FTL
FTL copied to clipboard
Add supervised mode
By submitting this pull request, I confirm the following:
- [X] I have read and understood the contributors guide.
- [X] I have checked that another pull request for this purpose does not exist.
- [X] I have considered, and confirmed that this submission will be valuable to others.
- [X] I accept that this submission may not be used, and the pull request closed at the will of the maintainer.
- [X] I give this submission freely, and claim no ownership to its content.
How familiar are you with the codebase?:
10
Add supervision mode. FTL running as supervisor starts a child process which is automatically restarted in case of any abnormal termination including crashes and uncatchable signals such as SIGKILL.
This is also the first step into the direction of supporting updates via the web frontend as this allows FTL to restart itself without having to rely on a third-party.
Great idea!
What are the child processes (components) the supervisor can start individually? Can it e.g. restart the webserver without restarting dnsmasq?
@yubiuser It is one (full) FTL process that acts as a supervisor starting another (full) instance of FTL. It is neither planned nor practical doable to start individual parts within FTL and launch them as individual components. This PR implements something like the restart-on-failure of systemd (with a bit of more fine-grained control).
Moving the termination into the tests (to check if the supervisor behaves as expected) revealed a crash happening only on musl. On our "normal" builds, canceling a non-existing thread is a simple no-op whereas, on musl, this leads to a segmentation fault. The fix is to avoid canceling non-existing threads (3c38420/src/daemon.c#R234-R237).
Is there a mechanism which prevents an endless restart loop? I cannot see it in code currently. Probably a restart limit, optionally adjustable with a CLI option, makes sense?

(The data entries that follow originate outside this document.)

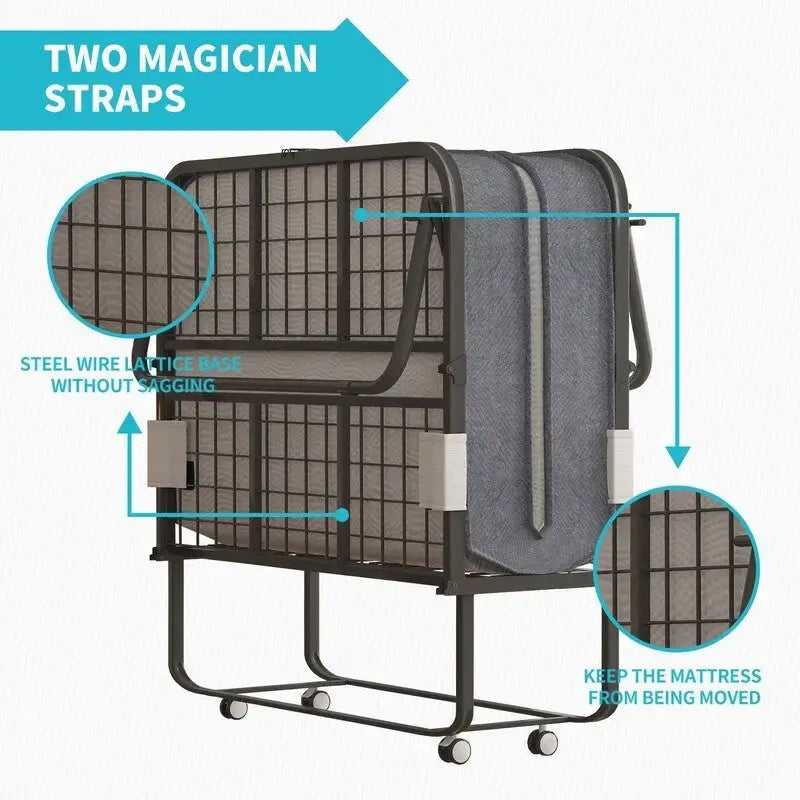 Lit pliant gain de place avec matelas, lit portable avec roulettes verrouillables
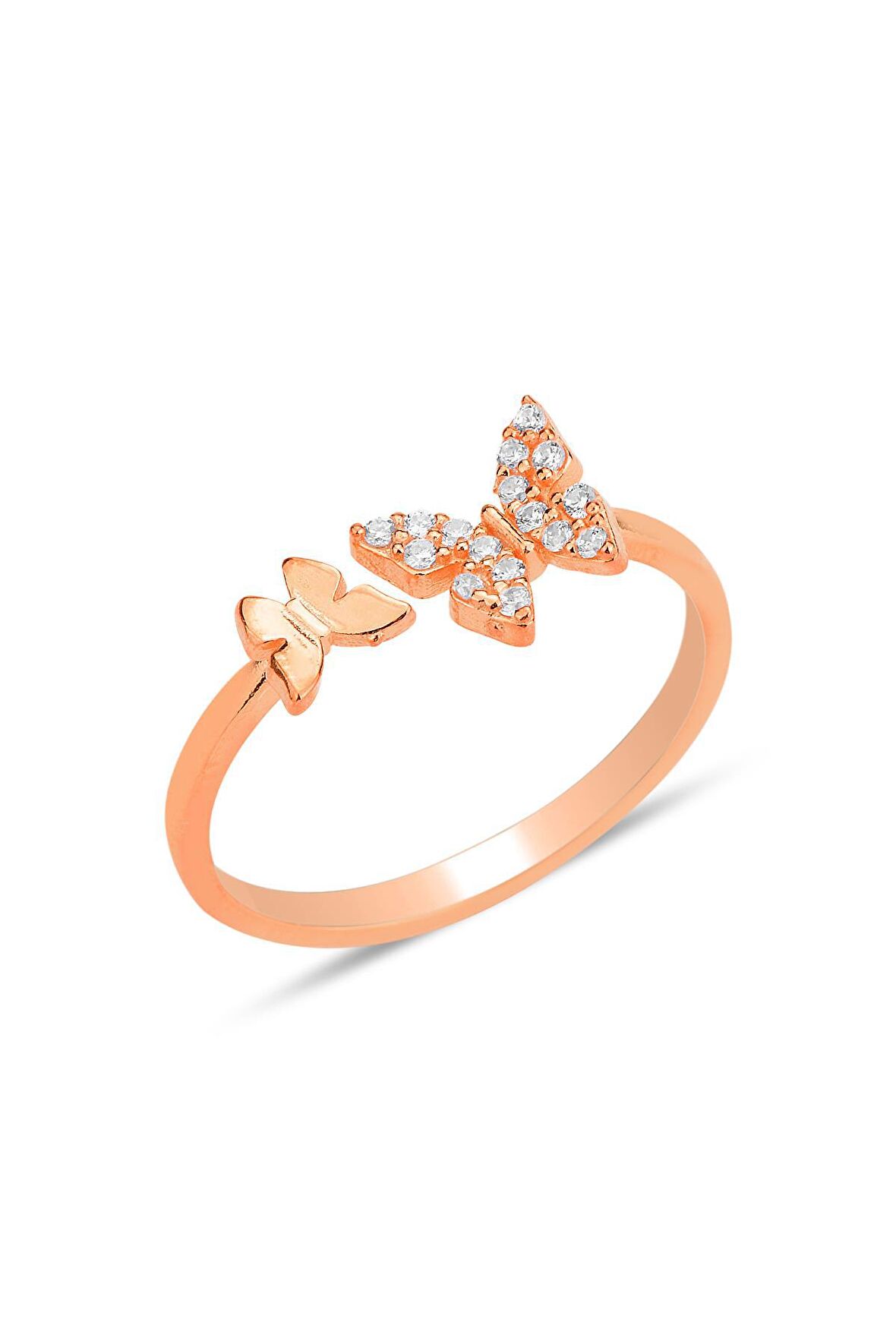 Gümüş rose zirkon taşlı üstten ayarlanabilir uçan kelebekler yüzük SGTL12226ROSE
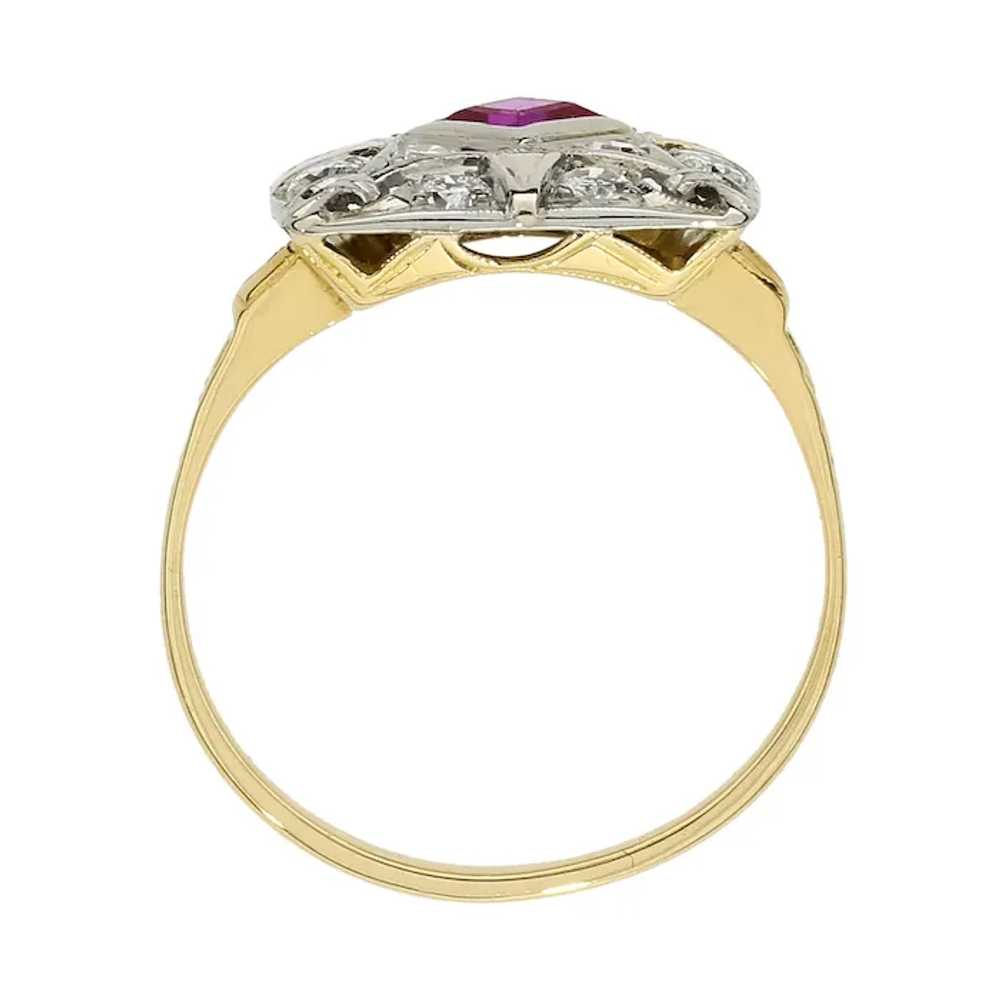 Vintage 14K Yellow and White Gold Ruby & Diamond … - image 4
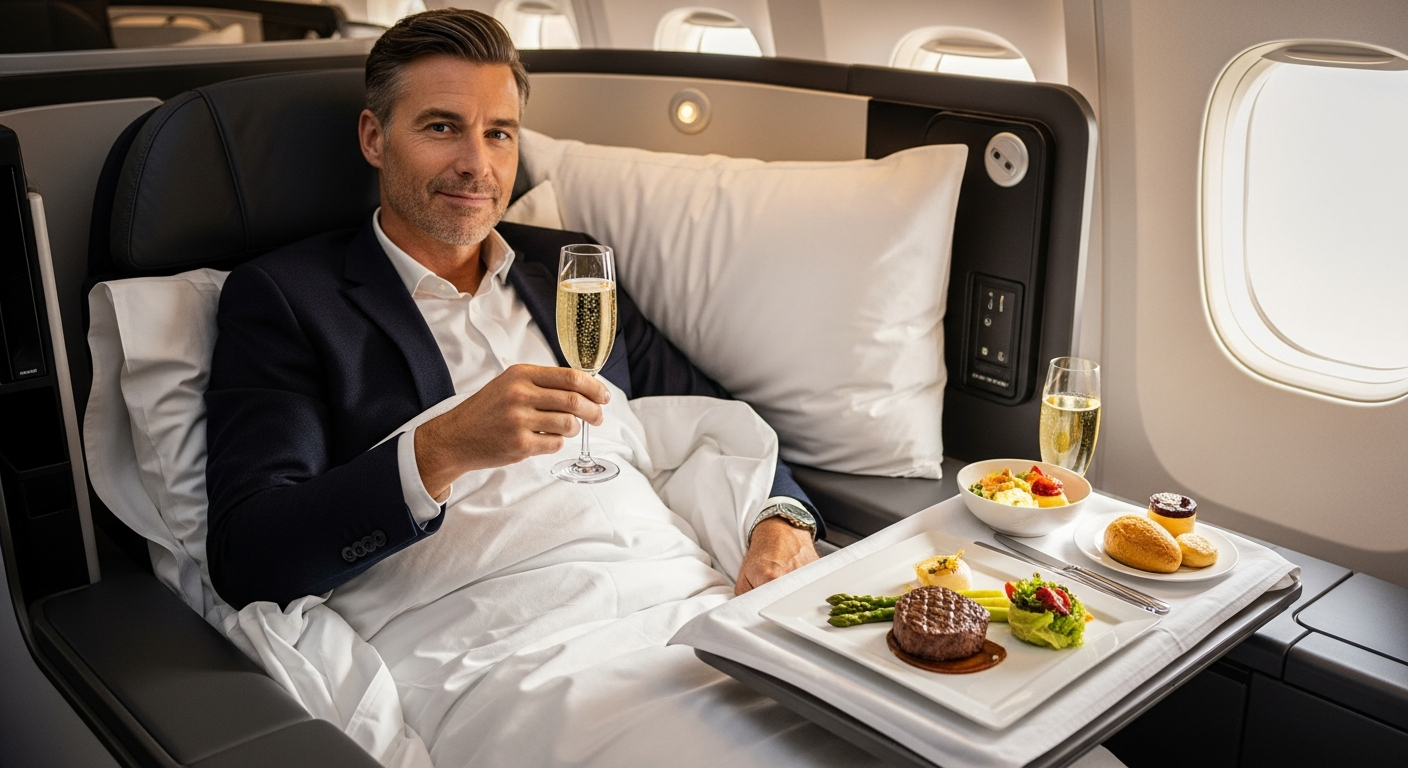 LATAM Premium Business Class lie-flat seat with modern cabin design and amenities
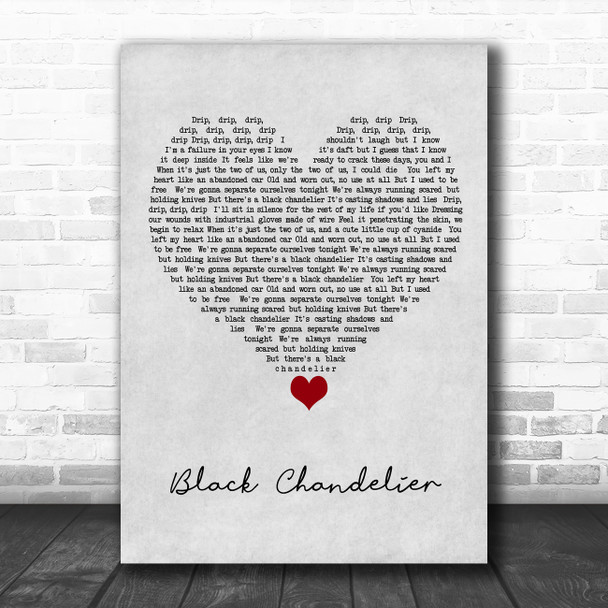 Biffy Clyro Black Chandelier Grey Heart Song Lyric Quote Music Print
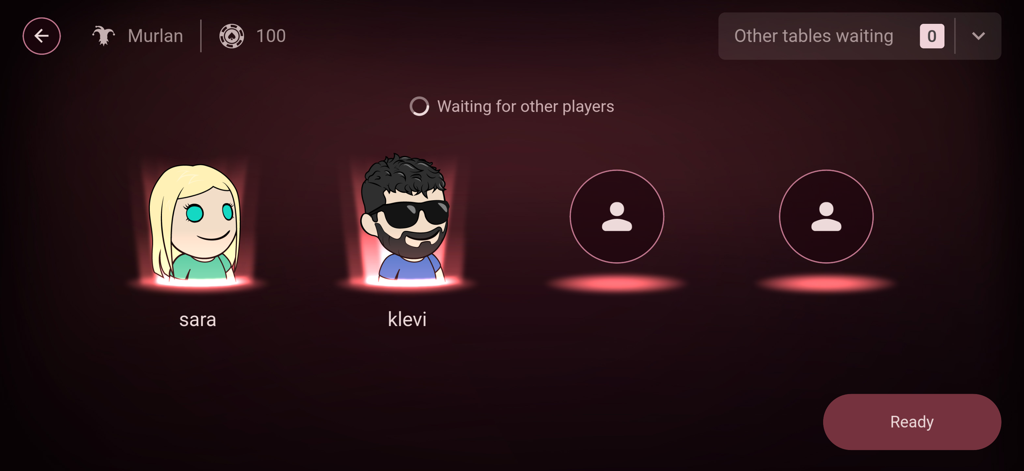 Waiting lobby for a Murlan card game session with player avatars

There is a forced delay of 1sec between restarts to avoid CPU spinning by endless restarts in a very short time. Others than that, there is no counter of recently failed attempts. Is there such a limit with systemd and it's Restart=on-failure feature? Even when it was easy, I would still like to avoid reinventing the wheel and use a proper systemd unit with said Restart=on-failure instead of this PR.
https://www.freedesktop.org/software/systemd/man/systemd.service.html#Restart=
My recollection is that systemd will only try 5 times by default and then journal an error that says "retried too many times" or "tried to restart too quickly". There are limits that are discussed above as well as alternatives to 'on-failure'.
The related (re)start limits can be set in the [Unit] section: https://www.freedesktop.org/software/systemd/man/systemd.unit.html#StartLimitIntervalSec=interval
I see, I need to start doing the systemd integration 😅. I'm sorry for not doing so far what I promised, new full-time job has reduced my space time dramatically.
I plan to look at another systemd attempt sometime next week. Maybe the busy two of us manage to do it together :slightly_smiling_face:
This pull request has conflicts, please resolve those before we can evaluate the pull request.
Superseded by native systemd unit ( https://github.com/pi-hole/pi-hole/pull/4924 )